Directly measuring dissipation with digital oscilloscope

[mrriggs]

I used the 2.5 Ohm load for these measurements.

Idle, Plate on the left, Output transformer on the right

Large signal, Plate on the left, Output transformer on the right

 

[trobbins]

Are you able to capture the last scope plot in post #8 with the zero levels aligned to the bottom axis, and confirm the idle dc cathode current ? As the traces for V and I aren't marked on that plot (afaik) I'd sort of anticipate the minimum power dissipation region relates to minimum instantaneous voltage and max current ?

It is insightful to note that the ellipsoid shape of the loadline (resulting from simple phase shift) shows itself as two different peak dissipation levels during a full signal cycle as seen from post #8 last plot, and hence the signal swing for 2.8W is great enough to cut through the constant dissipation curves as seen on typical datasheet 6V6 plate curves.

 

[peteb]

Because your rules are wrong and he's already proven that.

I'm honestly sorry we haven't been able to explain it to you in a way that makes it "click". We have tried.

I have my own single ended center biased class A amps.

Two blackface fender champs.


The rules that I quote are the rules based on my own amps.

That is how single ended amps are known to behave.

Constant current draw at the power tube under all playing conditions.


What they actually say is ‘full power dissipation at idle’.

It is done. It is in the can.

I can show you a video if you would like.



Your rule is more like a side note. An asterisk. An exception to the rule.


Why would anyone care if a single ended amp drew current with signal? It is interesting because that is not what they normally do. It is kind of like a trivia question for smarty pants.

 

[peteb]

Sorry OP.

If I tell the truth and somebody says that it is not. I have speak up.


I want to ask what the purpose of this thread is.


The title says measuring dissipation with an O-scope.


That has been done.


What is the next step ?

 

[elpico]

I have my own single ended center biased class A amps.
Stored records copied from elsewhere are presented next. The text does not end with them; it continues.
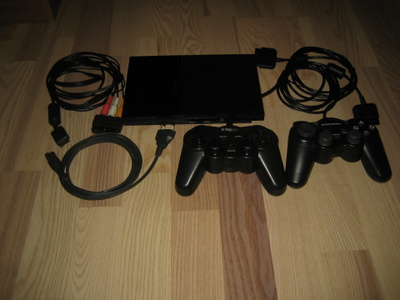 Sony Playstation 2 Slim + 2 Ohjainta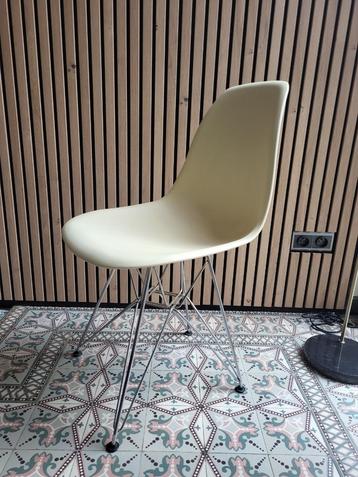 Kuipstoel Eames replica, Maison & Meubles, Enlèvement, Utilisé, Synthétique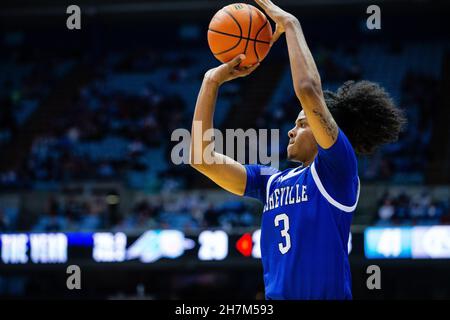 Chapel Hill, North Carolina, Stati Uniti. 23 novembre 2021. North Carolina-Asheville Bulldogs guardia Tajion Jones (3) spara un tre contro il North Carolina Tar Heels durante la seconda metà della partita di pallacanestro NCAA al Dean Smith Center a Chapel Hill, NC. (Scott Kinser/Cal Sport Media). Credit: csm/Alamy Live News Foto Stock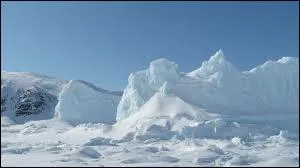 Quand l'eau est  l'tat solide, on parle de...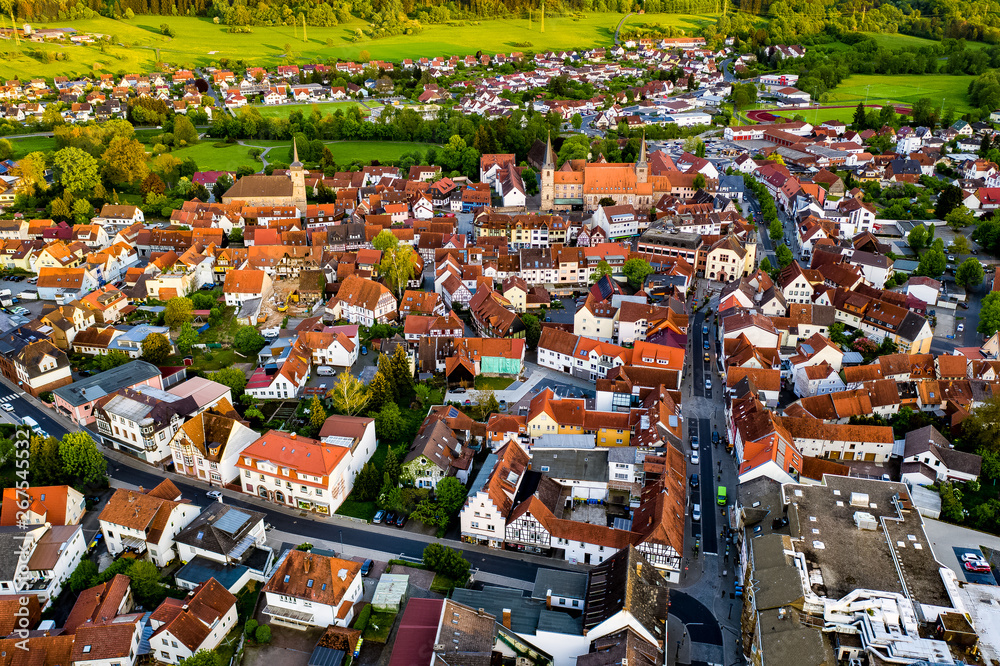 Das Dorf Schlüchtern in Hessen aus der Luft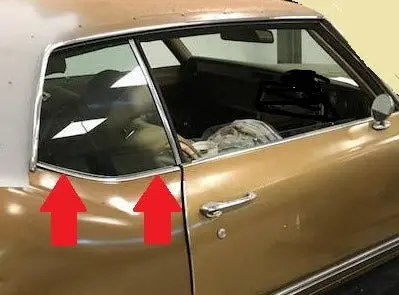 Top Of Quarter Molding ,Right Used 70-72 Cutlass Supreme 1
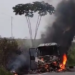 Casal a bordo de moto morre após batida com ônibus escolar na Bahia; veículos pegaram fogo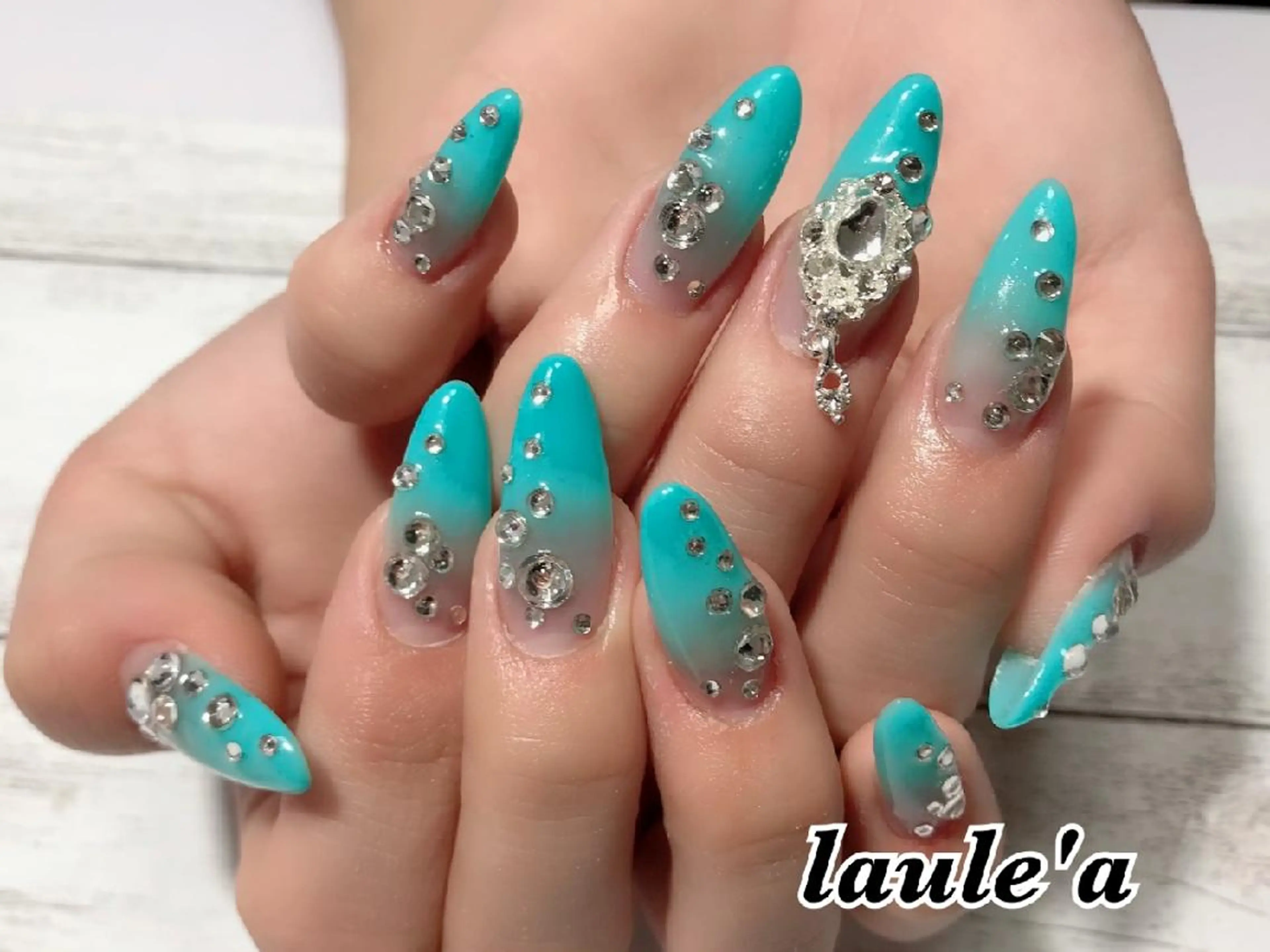 ネイル ハンドネイル Rグループ felizのネイルデザイン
Two blackface fender champs.


The rules that I quote are the rules based on my own amps.

That is how single ended amps are known to behave.

Constant current draw at the power tube under all playing conditions.


What they actually say is ‘full power dissipation at idle’.

It is done. It is in the can.

I can show you a video if you would like.



Your rule is more like a side note. An asterisk. An exception to the rule.


Why would anyone care if a single ended amp drew current with signal? It is interesting because that is not what they normally do. It is kind of like a trivia question for smarty pants.

I suggest you make a separate thread when you want to write stuff like this. You're not "telling the truth", you're repeating the same mistake over and over. Do it in your own thread.

peteb:
The title says measuring dissipation with an O-scope.

That has been done.

Yes it has been done. Plate dissipation was 12.2W at idle but went down to 10W when signal was present. I can't imagine why you'd still deny it?

 

[peteb]

You're not "telling the truth",

You need to stop this.

It’s common beginner amp tech knowledge that class A has constant full plate dissipation whether at idle or full audio power conditions.

 

[elpico]

You need to stop this.

It’s common beginner amp tech knowledge that class A has constant full plate dissipation whether at idle or full audio power conditions.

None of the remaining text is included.